Later, we switched steeds for a few miles. Eric’s bike is an excellent example of how a competent superbike can be transformed into a better streetbike (project bike story, anyone?), endowing it with versatility for everything from errand running to sport touring. But on a tight canyon path, the sporty Gixxer GT felt a little like a Concours 14 after jumping off the crazy-agile Duke. Riding quickly required far more effort on the literbike: a much greater shove on the bars and much more concentration on monitoring and shedding speed. Honestly, the smiles were bigger and more frequent when aboard the Duke in these canyons.
Later, while enjoying the panoply of motorcycles at the Rock Store, we ran into a MO reader who wanted to know if I’d endorse him buying Aprilia’s new and awesome RSV4 RF. Well, I’d advocate the lusty ’Priller to anyone who could afford one, but Adam was already riding one of the best sportbikes ever made: BMW’s HP4. My advice was to keep his HP4 for track duty and augment his collection with a Tuono 1100 for sporty street riding.
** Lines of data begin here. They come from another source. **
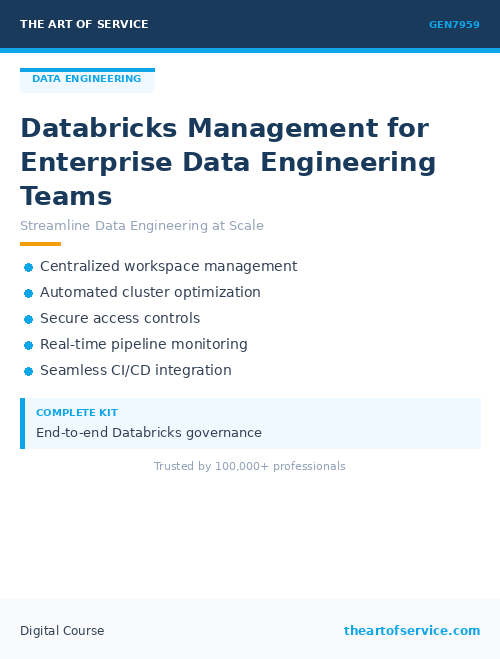 GEN7959 Databricks Management for Enterprise Data Engineering Teams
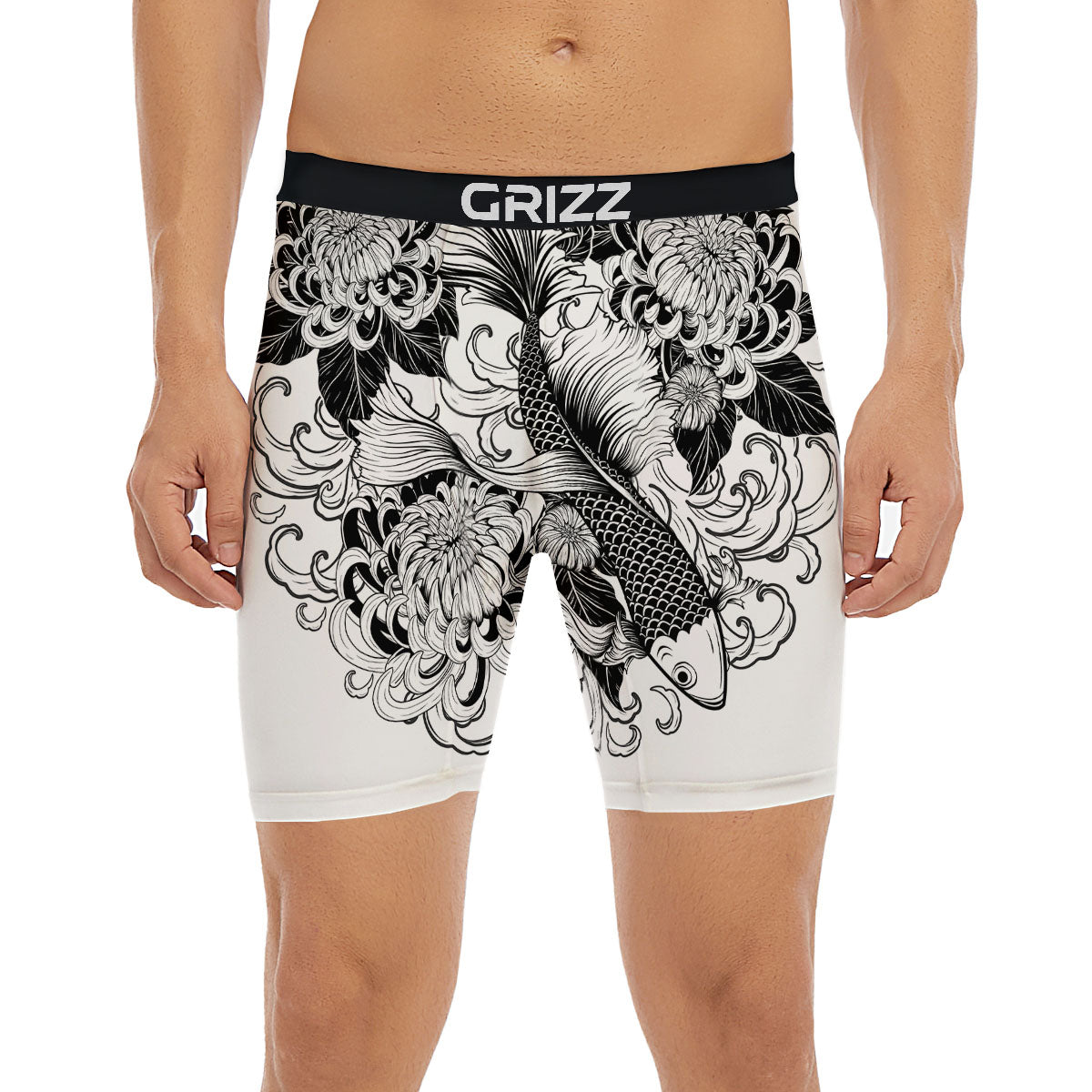 Tattoo Japanese Elemental Print Boxer Briefs-grizzshop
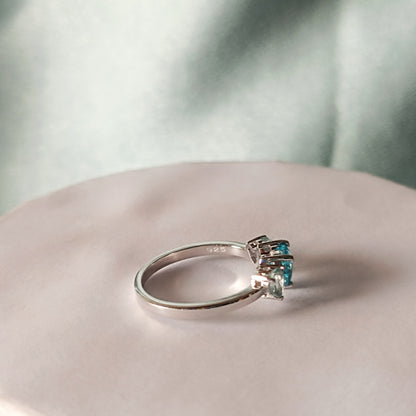 RKC Aqua Blue Gemstone Engagement Wedding Ring 925 Sterling Silver Valentine Gift Ring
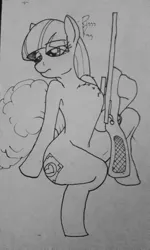 Size: 1729x2891 | Tagged: safe, artist:riggyrag, derpibooru import, oc, oc:riggy, unofficial characters only, pony, black and white, grayscale, gun, hoof hold, monochrome, rifle, signature, simple background, sitting, sketch, sniper, sniper rifle, solo, traditional art, weapon, white background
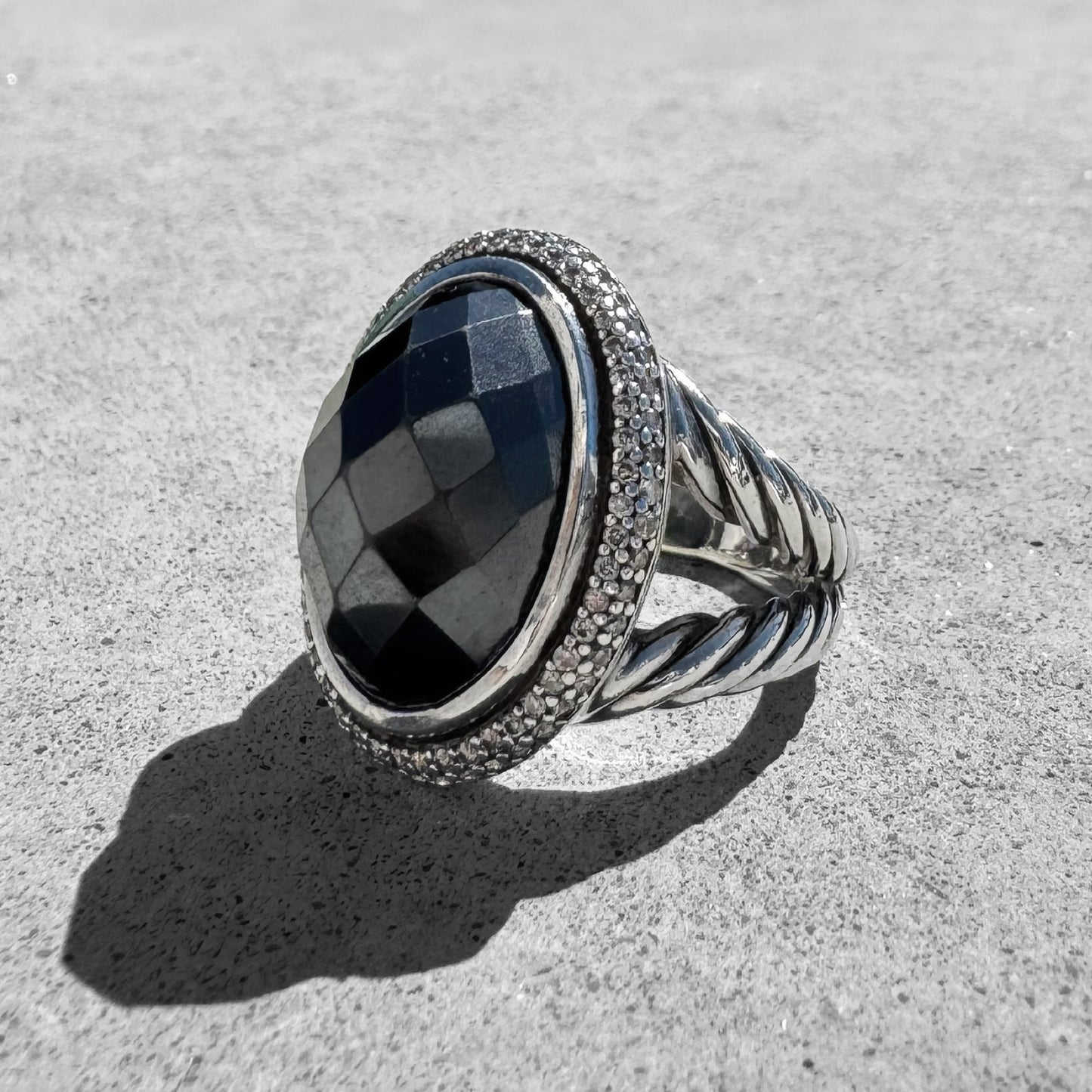 David Yurman Hematite and Diamonds Albion Ring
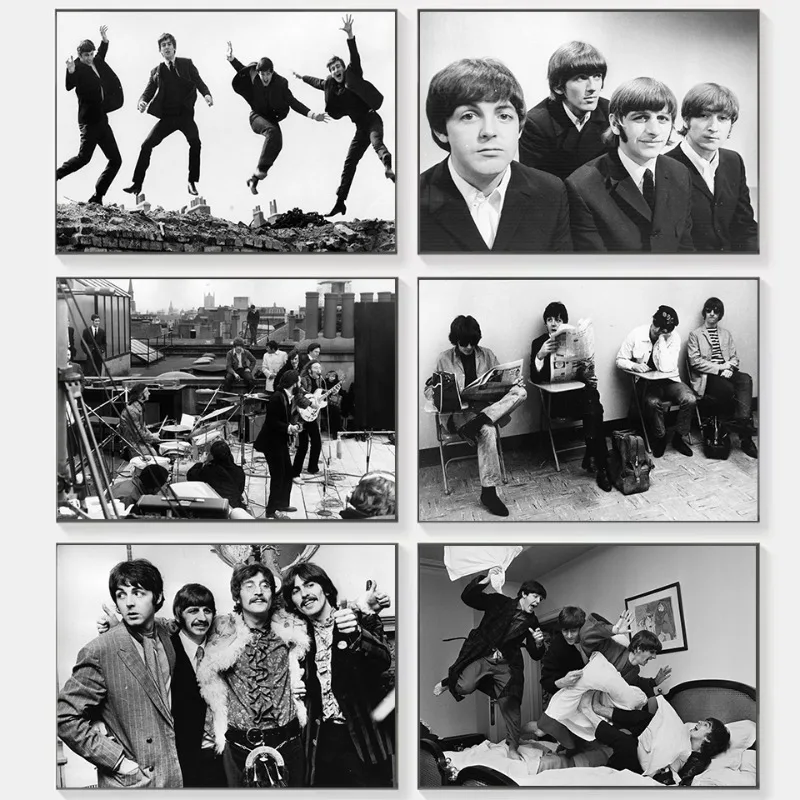 1960s Famous Rock Band Music Vintage Black White Photography A-Abbey Road Poster Canvas Painting Wall Art Pictures Home Decor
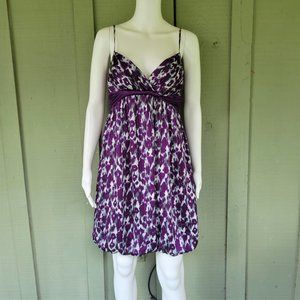 NWT MAX & CLEO Purple Print Bubble Hem Dress 4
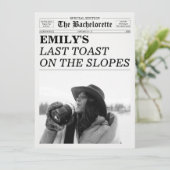 Bachelorette Newspaper Last Toast On The Slopes  Kaart (Staand voorkant)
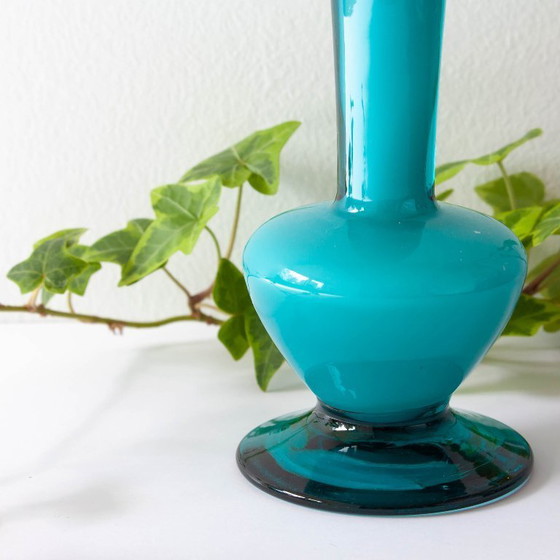 Vintage 1960s Portuguese Blue Glass Vase with Foot (photo 7 of 8)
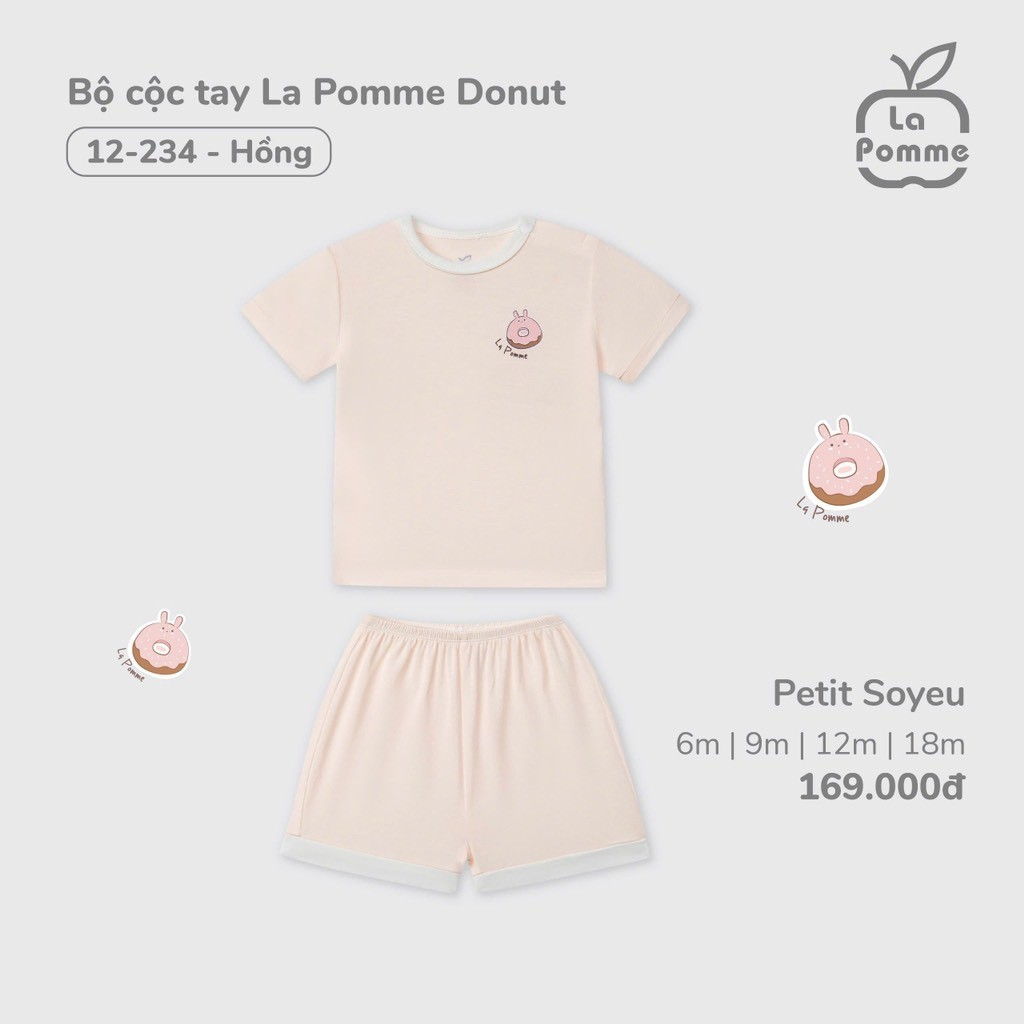 LaPom LP - Bộ cộc tay La Pomme Donut - Đồ sơ sinh cho bé - Đồ sơ sinh bé trai - Baby - Đồ sơ sinh bé gái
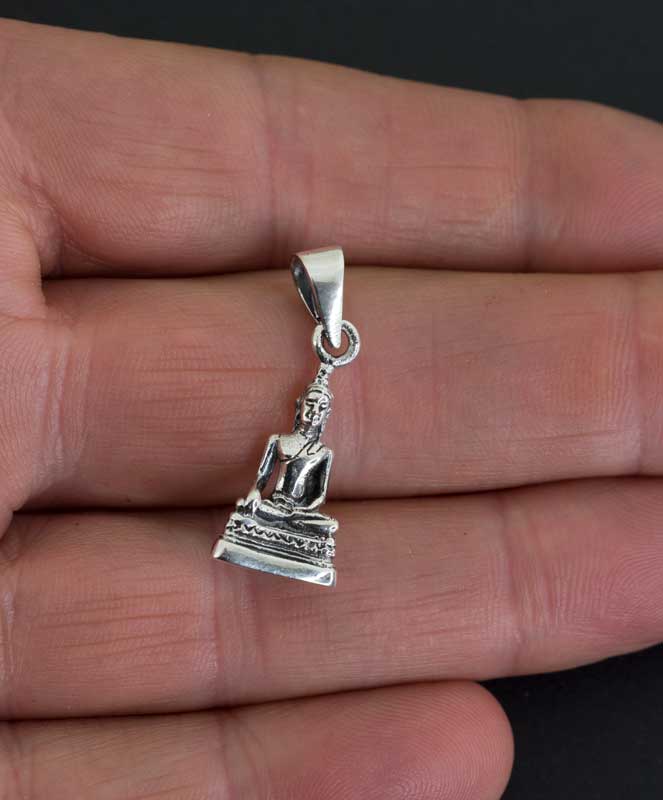 Pendentif Bouddha Shakyamuni Amulette Bouddhiste en Argent 925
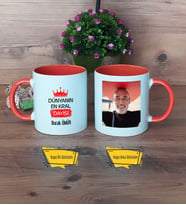 Dayıya Hediye Kupa Bardak Turuncu Fotoğraflı Dayıya Doğum Günü Hediyesi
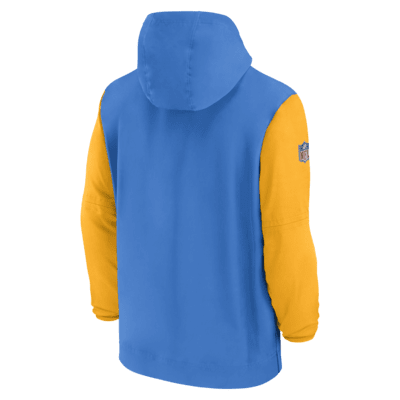 Los Angeles Chargers Sideline Pre-Game Player Men's Nike NFL 1/2-Zip Hooded Jacket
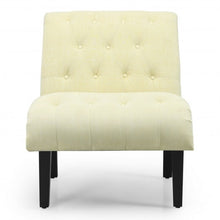 Load image into Gallery viewer, Upholstered Tufted Lounge Chair with Wood Leg-Beige
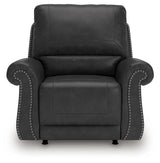 Chasemore Granite Faux Leather Swivel Glider Recliner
Having become quickly acquainted, I suggested we mount up for more riding. I led our trio aboard the Duke, while Eric took the tail end to keep an eye on our new friend. Adam proved to be a good rider, showing promising speed while keeping himself in control – no squid indications even when I pulled away while unwinding the tightest sections more quickly than the superbikes could. There were a few times I coasted while waiting for my cohorts. We blitzed our way all the way down Latigo and had so much fun we turned around and rode it the other direction.
Back at the Rock Store, Adam took his first close look at the KTM I was riding. He bent over to look at the engine and then glanced back with knitted eyebrows and a puzzled look on his face.
“Just one cylinder?” Adam queried. I grinned for the thousandth time that day and nodded in the affirmative. “But how does it have so much power?” he asked in disbelief.
It should be noted here that if I were to design a perfect road for a 390 Duke, it would look a lot like Latigo, so the scale of the environment played a significant factor in how quickly it could be ridden. In the confined spaces of the roads in the Santa Monica Mountains, the 390 Duke can run with almost anything due to its extreme agility, relatively broad powerband and solid chassis.
Sure, I could wish for stronger brakes, larger readouts on the gauges and a smoother gearbox, but the Duke is an incredible value for its $4,999 MSRP. It has unparalleled equipment in its class, easily cruises at 80 mph and above (I once saw 110 mph on its speedo…), and, to my eyes, it looks cooler than most bikes costing thousands of dollars extra.
If you’re a basketball player or sumo wrestler, there’s a fairly good chance you’ll feel cramped on the 390. But for little old me on those canyon roads, it was hard to imagine I could have more fun on almost any other bike. (Well, I do have excruciatingly fond memories of this one.)
On that bright, sunny Sunday aboard the 390 Duke, the old adage “It’s more fun to ride a slow bike fast than a fast bike slow” was put into sharp focus. And if it can be true for me – someone who has ridden the fastest production motorcycles ever made – I hope you can see the possible relevance to you.